WHAT THE EXERCISE ASKS:
In the records, each line holding "Samsung" must be reported.

WORKING DATA:

··········

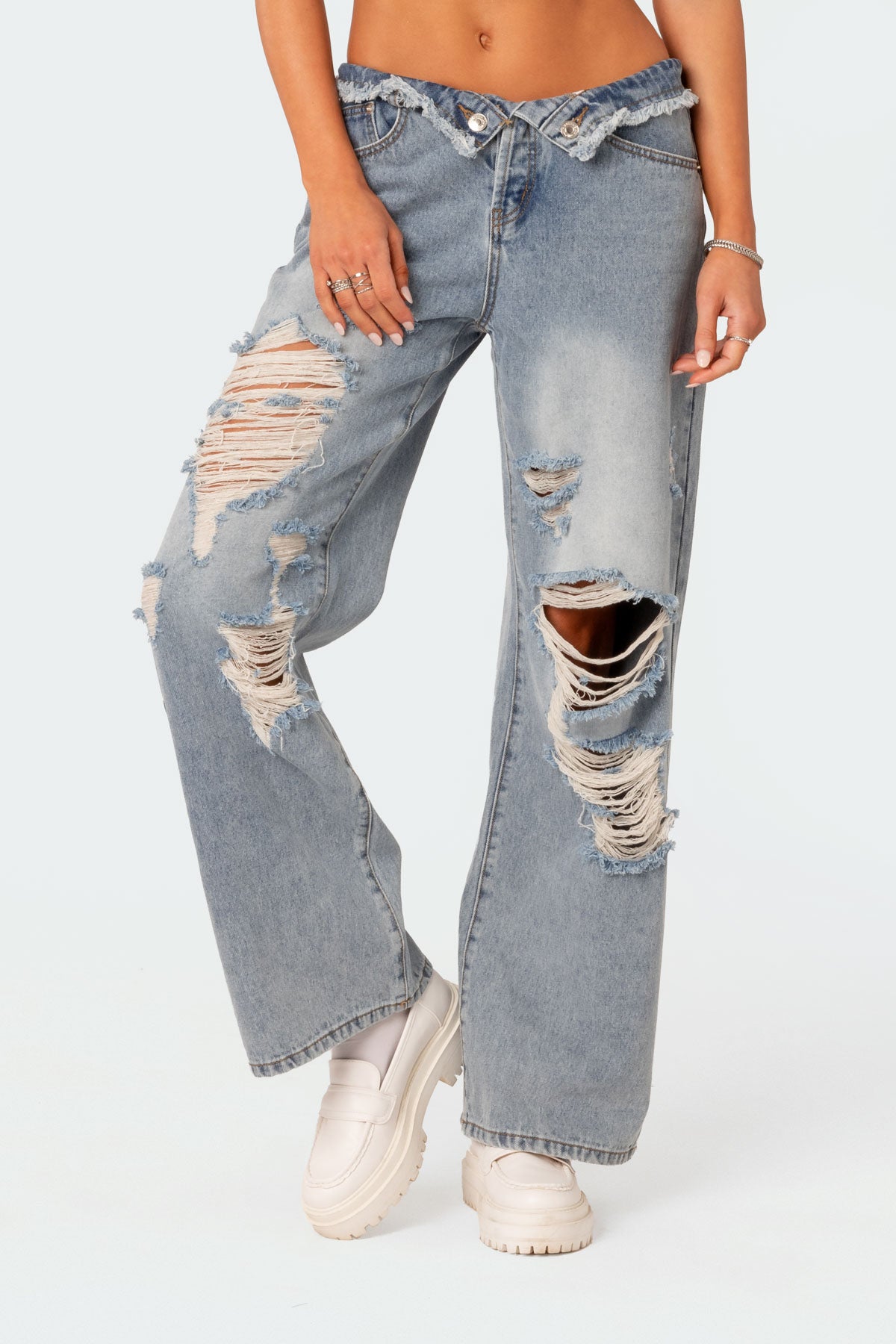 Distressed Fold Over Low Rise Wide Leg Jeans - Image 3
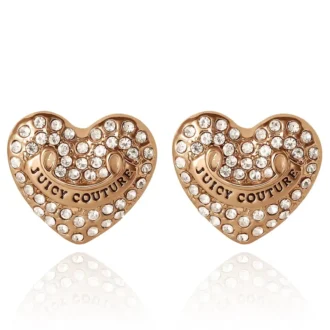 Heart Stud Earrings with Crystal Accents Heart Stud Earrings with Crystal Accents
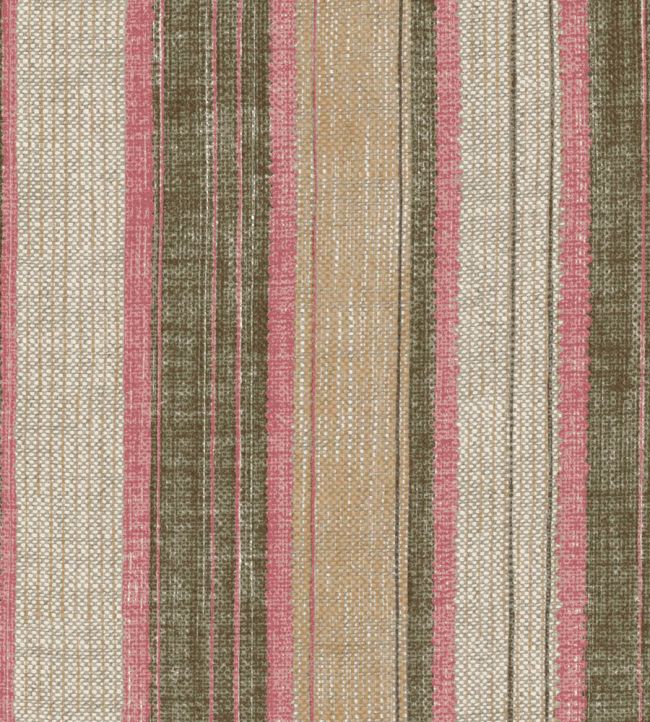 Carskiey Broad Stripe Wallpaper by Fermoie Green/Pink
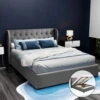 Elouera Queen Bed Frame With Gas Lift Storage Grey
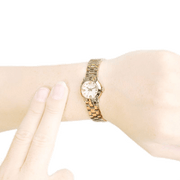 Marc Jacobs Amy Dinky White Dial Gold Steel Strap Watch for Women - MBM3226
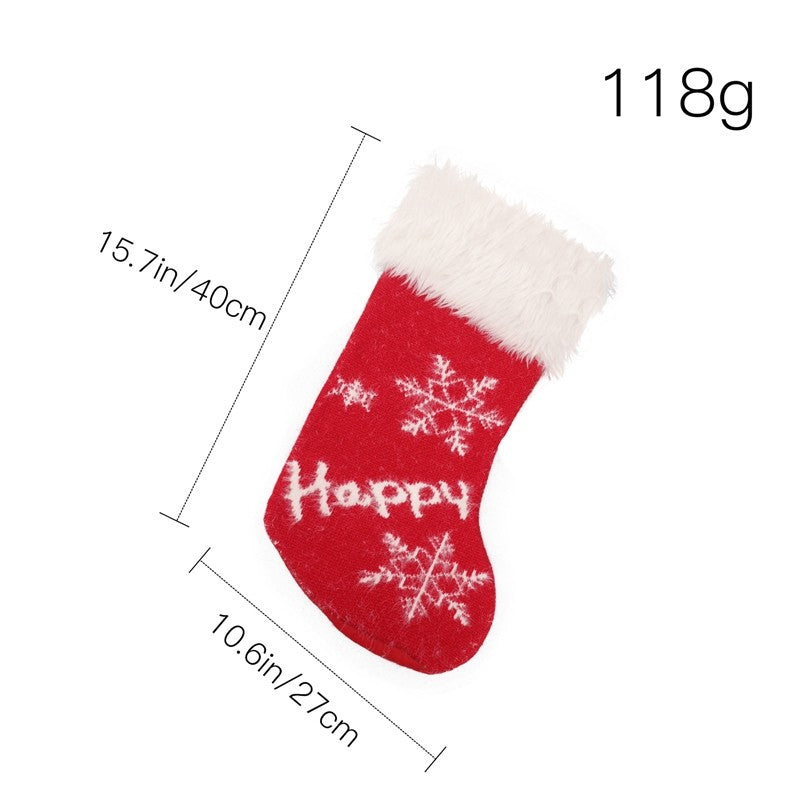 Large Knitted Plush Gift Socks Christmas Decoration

··········

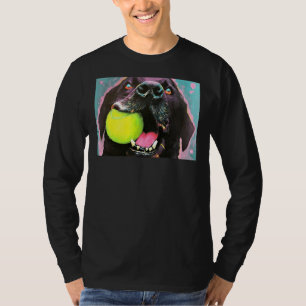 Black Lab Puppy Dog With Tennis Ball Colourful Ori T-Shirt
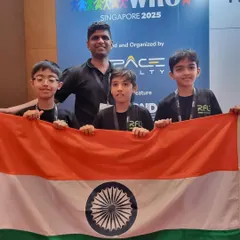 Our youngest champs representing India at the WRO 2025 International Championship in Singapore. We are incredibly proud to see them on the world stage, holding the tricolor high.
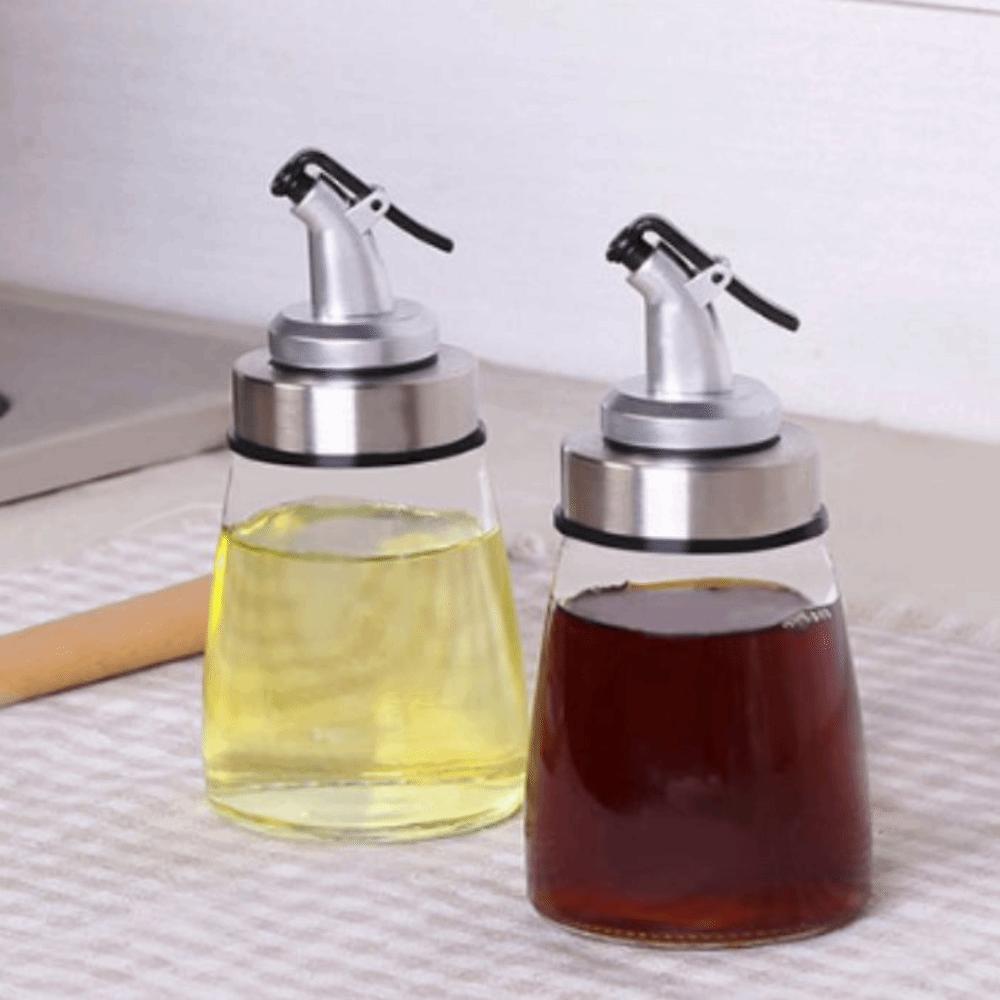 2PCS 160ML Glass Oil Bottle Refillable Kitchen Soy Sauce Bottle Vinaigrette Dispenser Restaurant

··········

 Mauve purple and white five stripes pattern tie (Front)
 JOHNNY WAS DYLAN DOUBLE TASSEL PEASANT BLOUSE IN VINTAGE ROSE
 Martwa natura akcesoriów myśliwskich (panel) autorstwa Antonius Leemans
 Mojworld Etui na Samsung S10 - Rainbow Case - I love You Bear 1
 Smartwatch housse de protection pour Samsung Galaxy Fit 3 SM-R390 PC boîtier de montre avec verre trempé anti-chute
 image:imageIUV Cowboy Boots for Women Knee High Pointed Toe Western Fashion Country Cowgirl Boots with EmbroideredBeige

··········

OUTPUT OF THE EXERCISE:
 Mojworld Etui na Samsung S10 - Rainbow Case - I love You Bear 1
 Smartwatch housse de protection pour Samsung Galaxy Fit 3 SM-R390 PC boîtier de montre avec verre trempé anti-chute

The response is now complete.